1

I'm using datastax enterprise graph 5.1.

My backend service (nodejs based) interacts with the dse graph using the datastax nodejs driver.

My Datastax graph is deployed on a cluster consisting of two datacenters, and each datacenter has two nodes. One datacenter is dedicated to gremlin graph queries, the other to gremlin queries with solr support (textual search).

Each node is an EC2 instance, m4.xlarge, with 800GB of ebs disk (ssd).

So far, so good.

Recently I started to perform load test on the backend.

When I monitor the load of my nodes I can see that only one node is hit by the gremlin queries, at 90% cpu, the others are not loaded at all (2-3% cpu).

That is strange beacause according to the documentation, the load balancing is performed by the nodejs driver, so I believe that when I launch a gremlin query, at least the two nodes of the gremlin datacenter should be hit.

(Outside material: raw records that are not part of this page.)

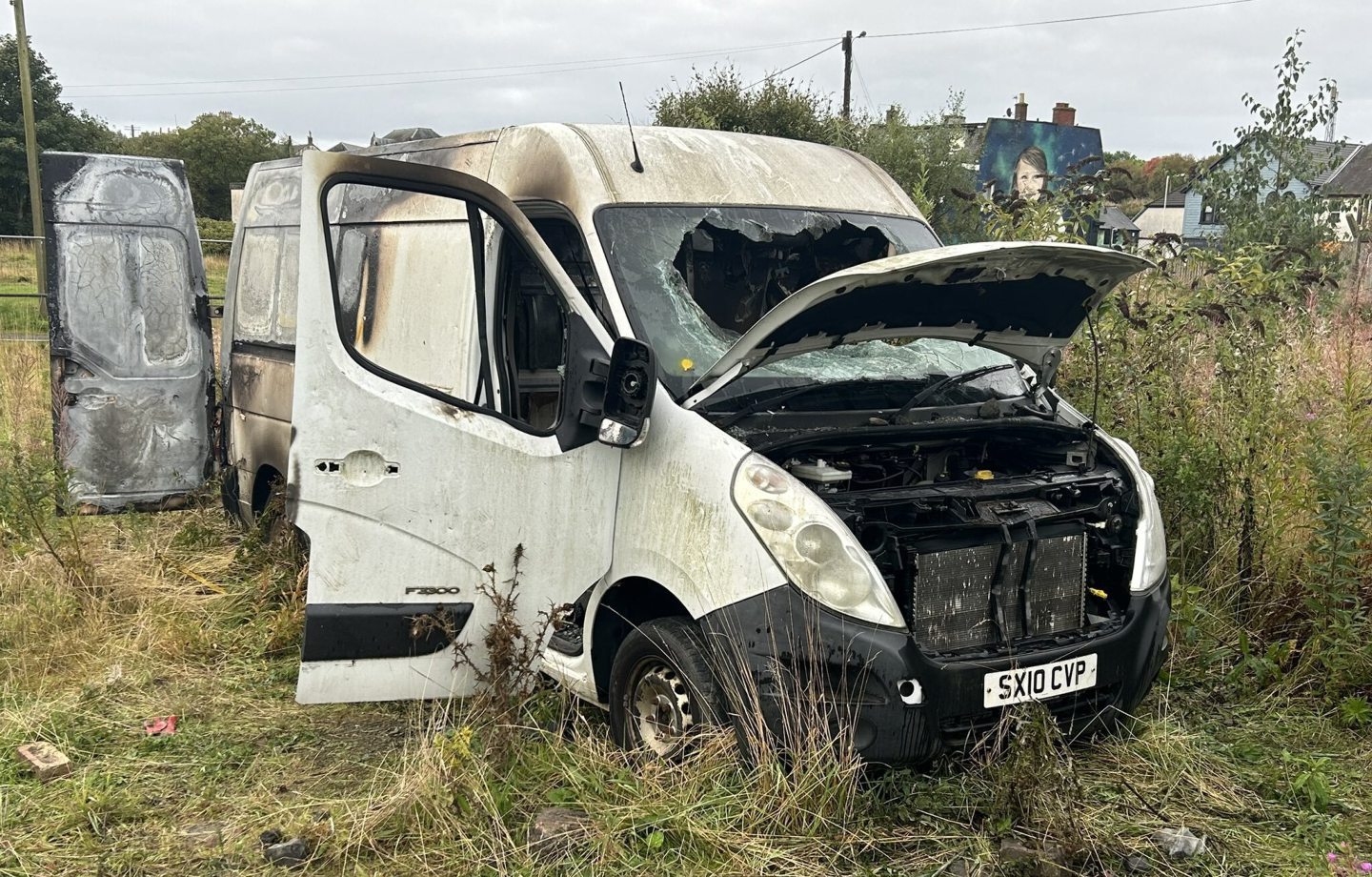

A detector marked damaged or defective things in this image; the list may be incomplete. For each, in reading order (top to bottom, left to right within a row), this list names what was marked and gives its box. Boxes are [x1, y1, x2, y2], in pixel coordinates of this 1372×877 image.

rusted metal panel [41, 149, 212, 507]
detached van door panel [40, 153, 213, 510]
detached van door panel [297, 152, 625, 707]
burnt white van [40, 125, 1168, 768]
broken side window [595, 205, 1015, 398]
shattered windshield [597, 205, 1020, 400]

It's not the case, and as a consequence, I cannot use the full capacity of my cluster which is a waste of money!

What am I missing?

Thanks in advance!

Toufic Zayed
  • 55
  • 1
  • 9

2 Answers2

0

You should check what's happening under the hood by enabling logging at driver level. Instances of Client are EventEmitter and emit log events:

client.on('log', (level, className, message) => {
  if (level === 'verbose') {
    return;
  }
  console.log(level, className, message);
});
jorgebg
  • 6,560
  • 1
  • 22
  • 31
  • 1
    thanks Jorge, you're always there to help! it appears that the problem may be linked to the heap size, with enough heap (8GB) I can see that the load seems to be evenly distributed. – Toufic Zayed Jun 17 '17 at 13:58
  • ok, sorry to reopen this issue. I've done further testing, and with now 4 nodes, a heap of 14GB, the load is not at all distributed evenly. One of the node shows CPU usage of 50%, on other 30%, and the others two 5% (not loaded). I've activated the log as you said, but nothing special is written. My read and write consistency are set to "one". – Toufic Zayed Jun 22 '17 at 13:46
  • ok, some more details, and possible cause... one important information I didn't provide, is that my front end is a bunch of aws lambda functions. it appears that under load, aws lambda load a lot of instances of lambda functions in parallel, and each lambda function opens connections to cassandra through the nodejs driver. so maybe i'm exhausting the connections, I don't know for sure. But when I add more load to the system, I can see that the nodejs driver cannot get any connection to my cluster... – Toufic Zayed Jun 22 '17 at 14:22
  • Ok, additional infos: when I spread the load, to avoid too much connections open at once, I can see that the load spreads to all nodes of the cluster, but not evenly: one is at 50% cpu, one other at 30% cpu, one other at 15%, and the last at 10%. May be it's normal? But in that case the first node (the coordinator) appears to become a bottleneck when the stress increases... which is a bad thing. – Toufic Zayed Jun 22 '17 at 15:46
0

To answer my own question, it appears that with enough heap size (8GB) the load seems to be evenly distributed.

In my case at least the problem disappeared. Hope it helps others.

Toufic Zayed
  • 55
  • 1
  • 9